Records to use:
────────────────
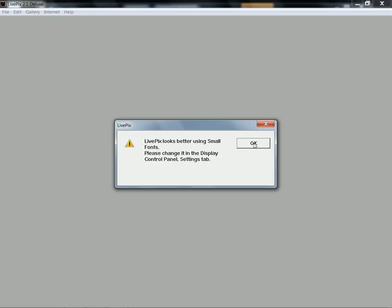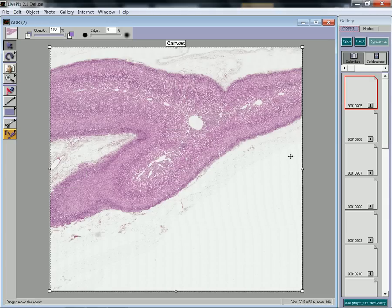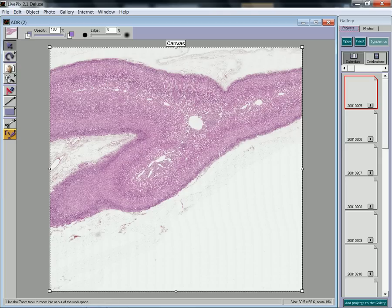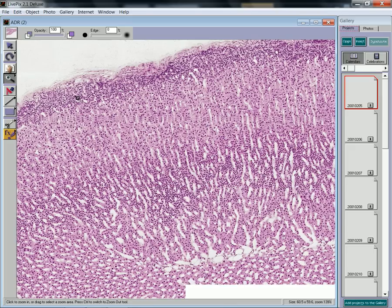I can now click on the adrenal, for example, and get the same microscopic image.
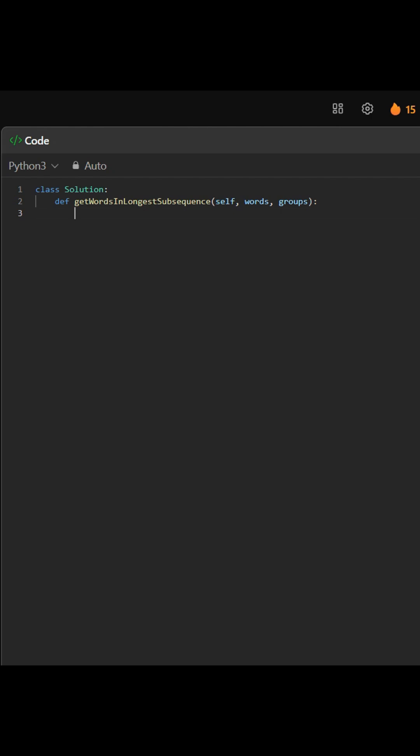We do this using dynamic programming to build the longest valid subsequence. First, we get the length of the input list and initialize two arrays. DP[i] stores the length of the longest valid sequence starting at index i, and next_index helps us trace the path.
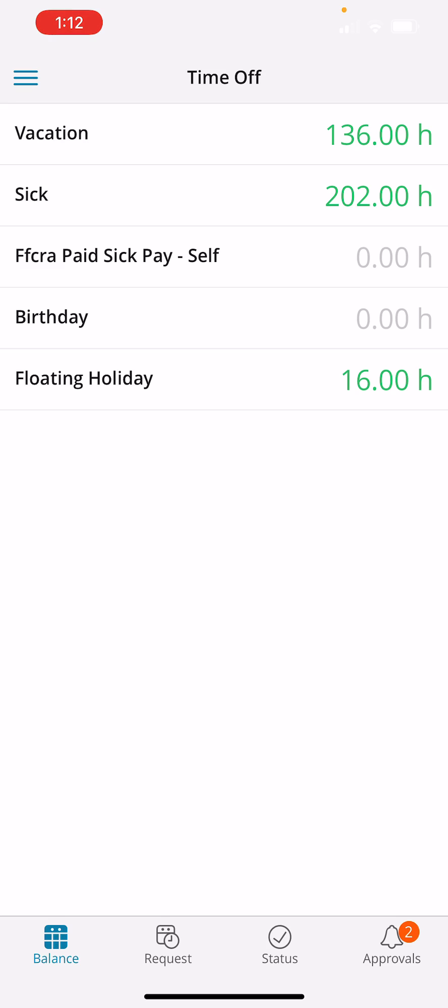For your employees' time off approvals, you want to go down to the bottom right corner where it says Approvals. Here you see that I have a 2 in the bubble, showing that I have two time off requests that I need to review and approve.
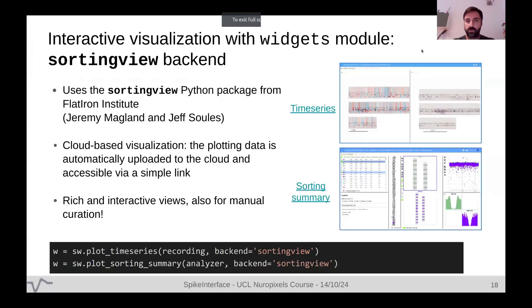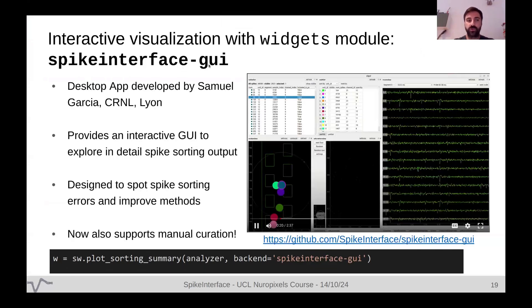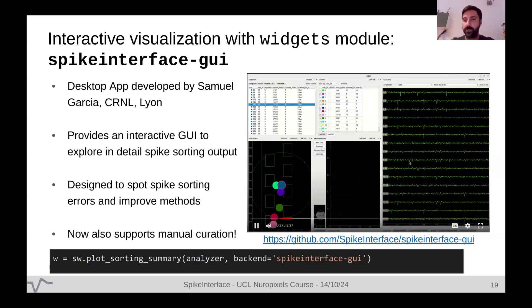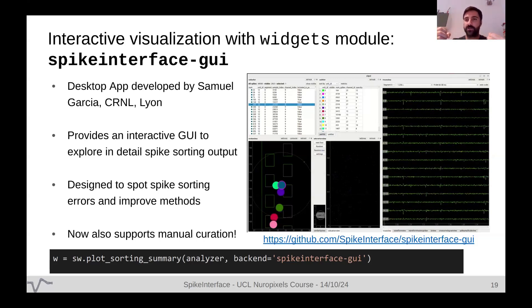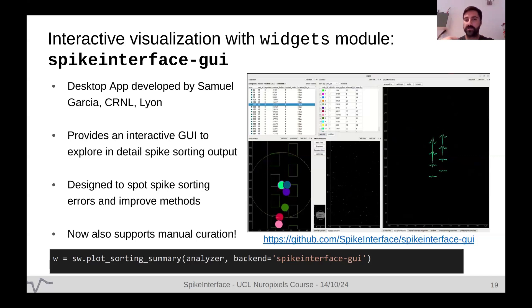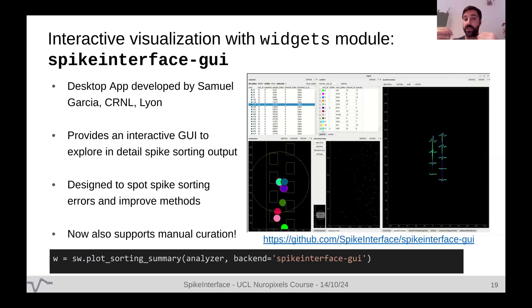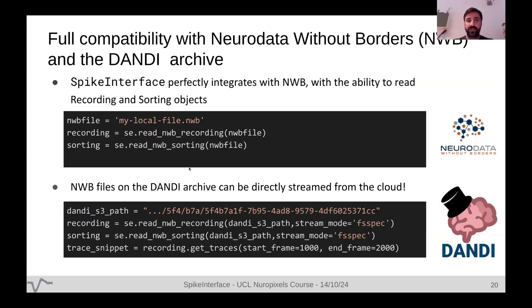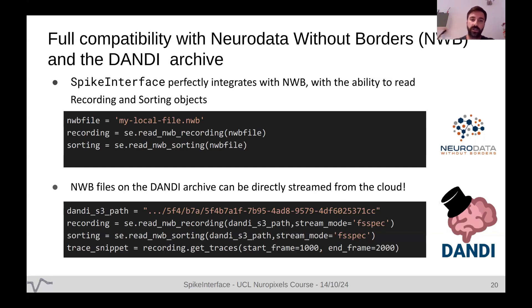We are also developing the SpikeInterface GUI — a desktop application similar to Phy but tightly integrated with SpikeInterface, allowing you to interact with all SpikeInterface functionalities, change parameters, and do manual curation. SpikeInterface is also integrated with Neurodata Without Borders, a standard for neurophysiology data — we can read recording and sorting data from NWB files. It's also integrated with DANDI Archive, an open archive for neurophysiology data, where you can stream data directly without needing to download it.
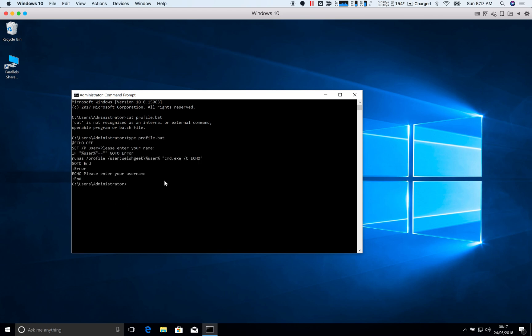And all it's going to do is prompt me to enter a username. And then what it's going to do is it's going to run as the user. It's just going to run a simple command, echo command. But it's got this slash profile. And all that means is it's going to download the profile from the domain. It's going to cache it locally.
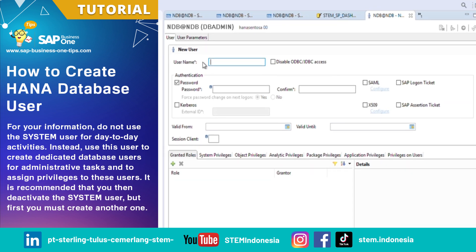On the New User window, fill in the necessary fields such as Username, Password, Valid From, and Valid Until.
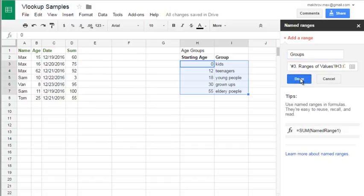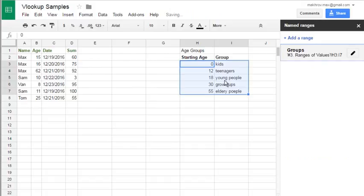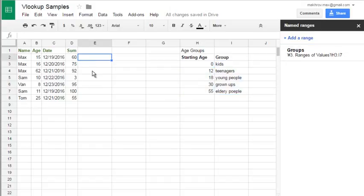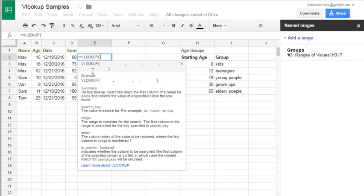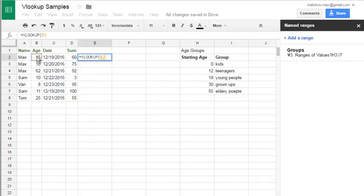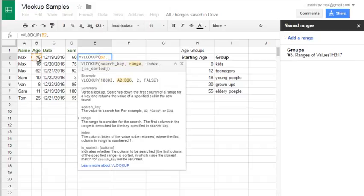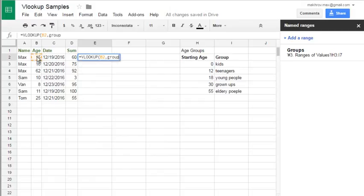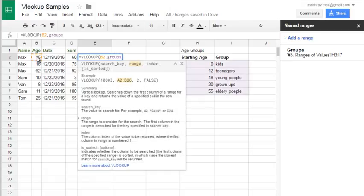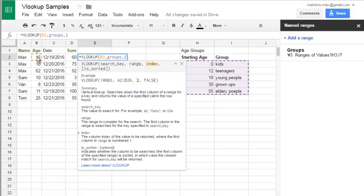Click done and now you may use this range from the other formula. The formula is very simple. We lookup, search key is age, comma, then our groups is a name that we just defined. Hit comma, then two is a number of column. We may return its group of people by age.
────────────────
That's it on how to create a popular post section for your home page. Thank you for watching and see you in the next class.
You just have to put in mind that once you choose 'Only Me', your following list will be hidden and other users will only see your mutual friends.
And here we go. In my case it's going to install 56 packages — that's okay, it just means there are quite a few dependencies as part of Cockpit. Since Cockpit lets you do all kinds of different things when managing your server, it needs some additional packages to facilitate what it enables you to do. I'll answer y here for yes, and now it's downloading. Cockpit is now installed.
────────────────
Beginning with the line above that has "On the New User" and going on through the line that has "Click done and", retype every line exactly and add nothing else; drop the pictures.

On the New User window, fill in the necessary fields such as Username, Password, Valid From, and Valid Until.
Click done and now you may use this range from the other formula. The formula is very simple. We lookup, search key is age, comma, then our groups is a name that we just defined. Hit comma, then two is a number of column. We may return its group of people by age.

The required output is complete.